=== PROVIDED MATERIAL ===

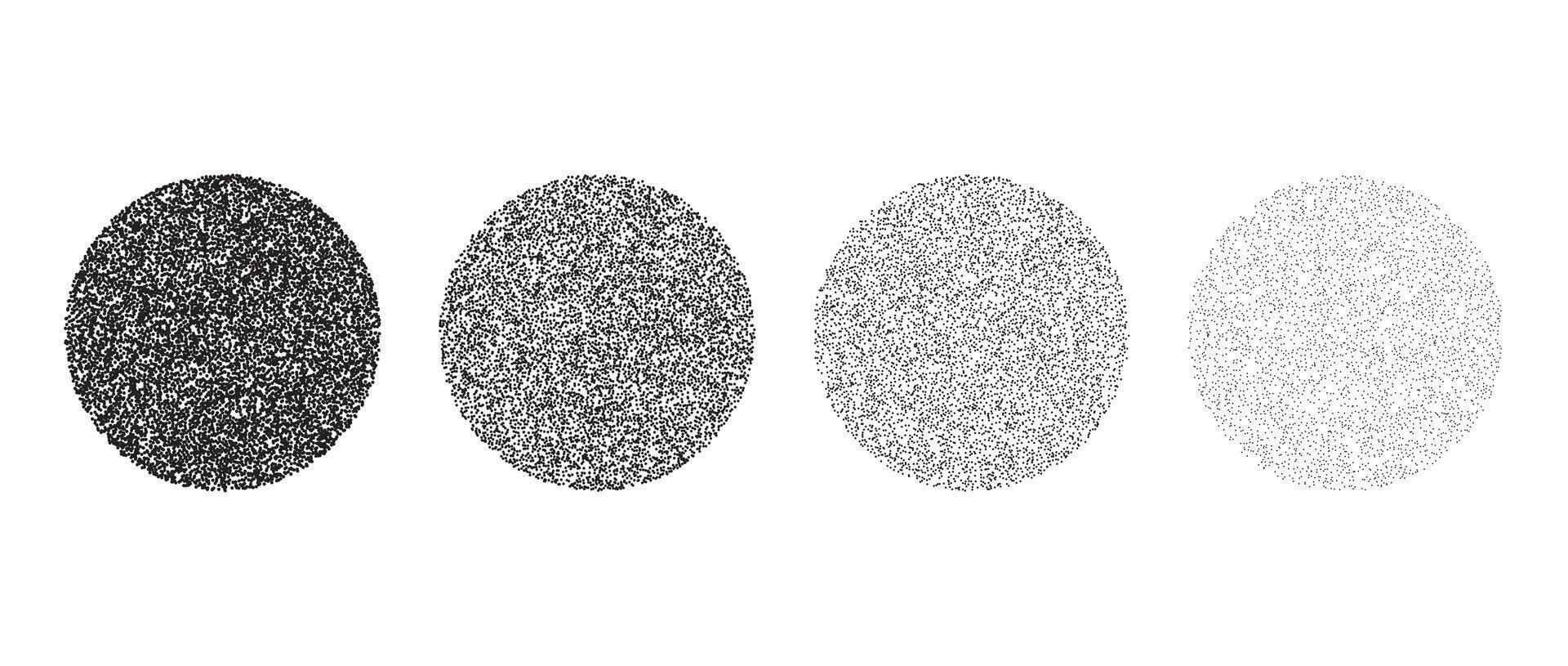 Set of stippled circle texture. Black dotted gritty round element collection. Noise grain dot work sphere shapes. Half tones and shadows effect illustration bundle. vector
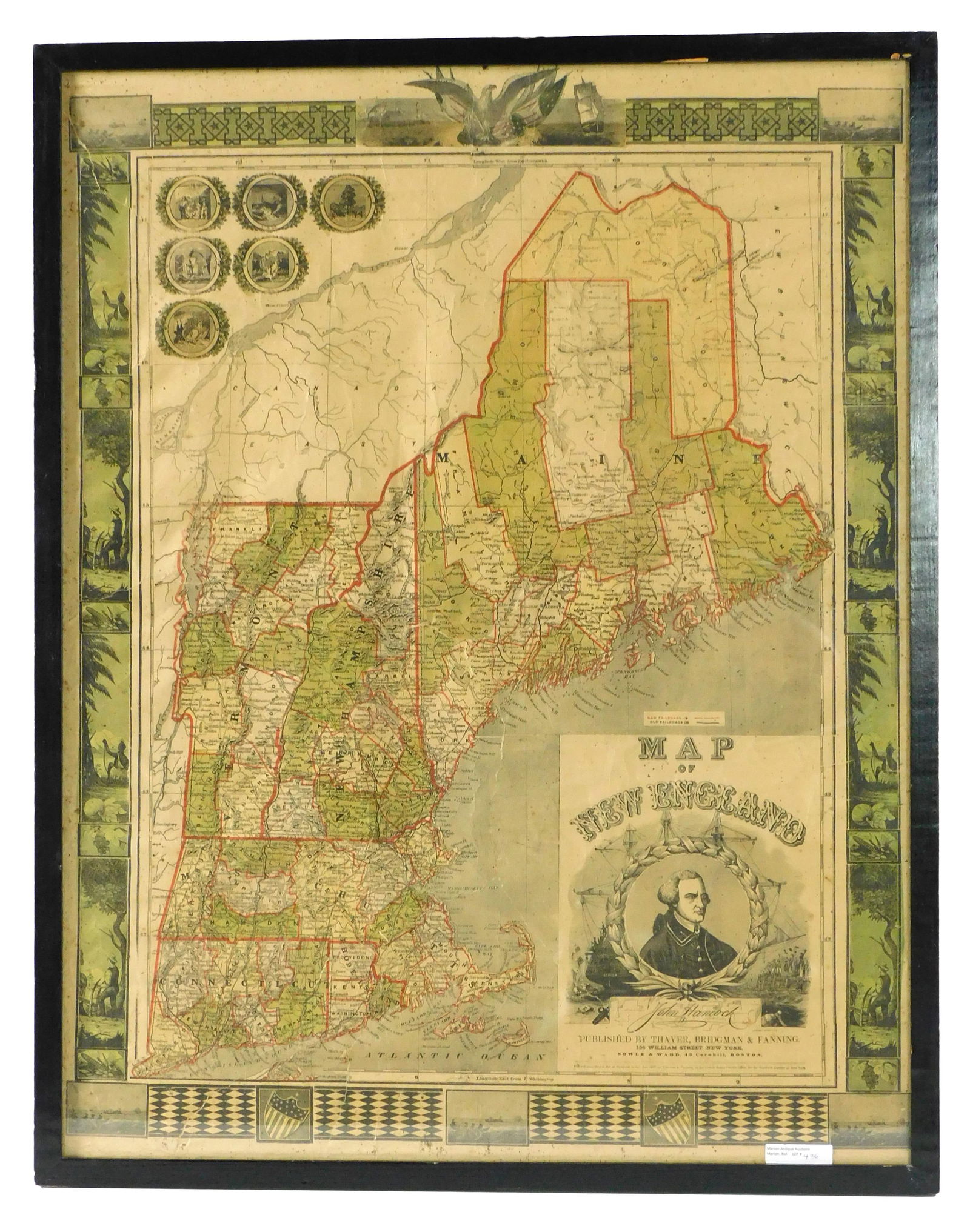1817 Map Of New England: published by Thayer, Bridgeman and Fanning, New York, 1817. Hand colored with interesting images on borders depicting native Americans, Farmers and Whaling Scenes, and an image of John Hancock in the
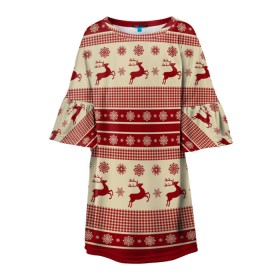 Детское платье 3D с принтом Зимние олени в Новосибирске, 100% полиэстер | прямой силуэт, чуть расширенный к низу. Круглая горловина, на рукавах — воланы | happy new year | ёлка | зима | олень | праздник | снег | снежинка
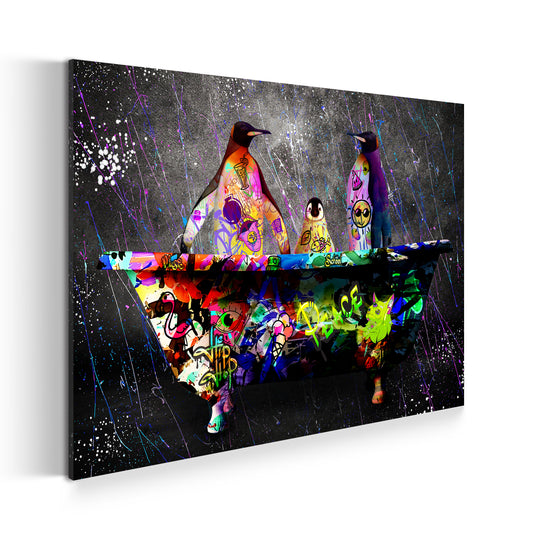 Pinguin in Badewanne Graffiti Pop Art Style Wandbild Kunstwerk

===

Repeat the lines above exactly, and keep every picture out.

 Set of stippled circle texture. Black dotted gritty round element collection. Noise grain dot work sphere shapes. Half tones and shadows effect illustration bundle. vector
1817 Map Of New England: published by Thayer, Bridgeman and Fanning, New York, 1817. Hand colored with interesting images on borders depicting native Americans, Farmers and Whaling Scenes, and an image of John Hancock in the
 Детское платье 3D с принтом Зимние олени в Новосибирске, 100% полиэстер | прямой силуэт, чуть расширенный к низу. Круглая горловина, на рукавах — воланы | happy new year | ёлка | зима | олень | праздник | снег | снежинка
 Pinguin in Badewanne Graffiti Pop Art Style Wandbild Kunstwerk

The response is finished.